Aggregation Framework

  • Operations that process data sets and return calculated results are called aggregations.
  • MongoDB provides data aggregations that examine data sets and perform calculations on them.
  • Aggregation is run on the mongod instance to simplify application codes and limit resource requirements.

Aggregation

  • Similar to queries, aggregation operations in MongoDB use collections of documents as an input and return results in the form of one or more documents.

  • The aggregation framework in MongoDB is based on data processing pipelines.

  • Documents pass through multi-stage pipelines and get transformed into an aggregated result.

  • The most basic pipeline stage in the aggregation framework provides filters that function like queries.

  • It also provides document transformations that modify the output document.

  • The pipeline operations group and sort documents by defined field or fields. In addition, they perform aggregation on arrays.

  • Pipeline stages can use operators to perform tasks such as calculate the average or concatenate a string.

  • The pipeline uses native operations within MongoDB to allow efficient data aggregation and is the favored method for data aggregation.

  • The aggregate command in MongoDB functions on a single collection and logically passes the collection through the aggregation pipeline.

  • You can optimise the operation and avoid scanning the entire collection by using the $match, $limit, and $kip stages.
  • You may require only a subset of data from a collection to perform an aggregation operation.
  • Therefore, use the $match, $limit, and $skip stages to filter the documents.
  • When placed at the beginning of a pipeline, the $match operation scans and selects only the matching documents in a collection.
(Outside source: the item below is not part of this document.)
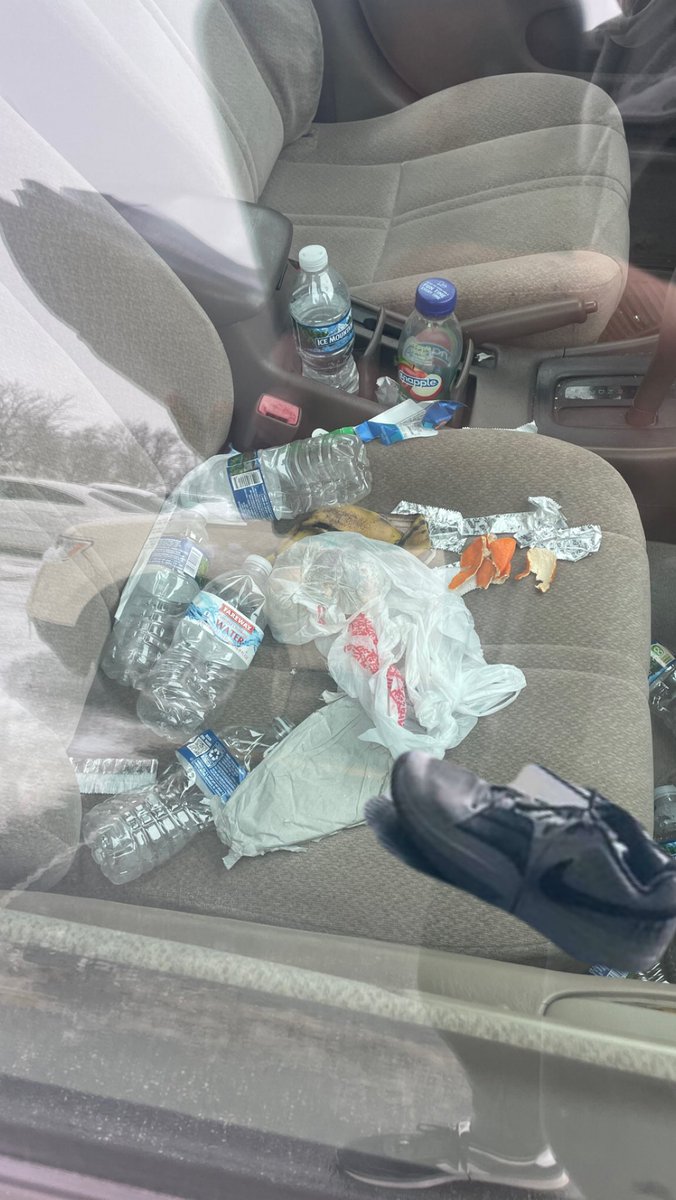 Help <a href="/BlakeyMartrell/">Marty Blakey</a> in a sneaky plot to throw you off game <a href="/GriffinGerdes/">GriffinGerdes</a> has confiscated me help me pleaseeeeeee!   #martrell #martrellshoelore @Rick_Grimes141 <a href="/bassmanDAassman/">BassmanTim</a> <a href="/Uncleandyville/">Uncle Andy</a> <a href="/J88561311Sherry/">Sherry Johnson</a>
Which of the following is true about pipelines and the Aggregation Framework?

 

  1. Pipelines must consist of at least two stages.
  2. Stages cannot be configured to produce our desired output.
  3. The Aggregation Framework provides us many stages to filter and transform our data
  4. Documents flow through the pipeline, passing from one stage to the next
  • Pipeline stages appear in an array.

  • Documents are passed through the pipeline stages in a proper order one after the other.

  • Barring $out and $geoNear, all stages of the pipeline can appear multiple times.

  • The db.collection.aggregate() method provides access to the aggregation pipeline and returns a cursor and result sets of any size.

AGGREGATE PIPELINE STAGES

$project:

  • This stage adds new fields or removes existing fields and thus restructure each document in the stream.
  • This stage returns one output document for each input document provided.

 

$match:

  • It filters the document stream and allows only matching documents to pass into the next stage without any modification.
  • $match uses the standard MongoDB queries.
  • For each input document, it returns either one output document if there is a match or zero documents when there is no match.

Which of the following is/are true of the $match stage?

 

  • $match can only filter documents on one field.
  • $match can use both query operators and aggregation expressions.
  • It uses the familiar MongoDB query language.
  • It should come very early in an aggregation pipeline.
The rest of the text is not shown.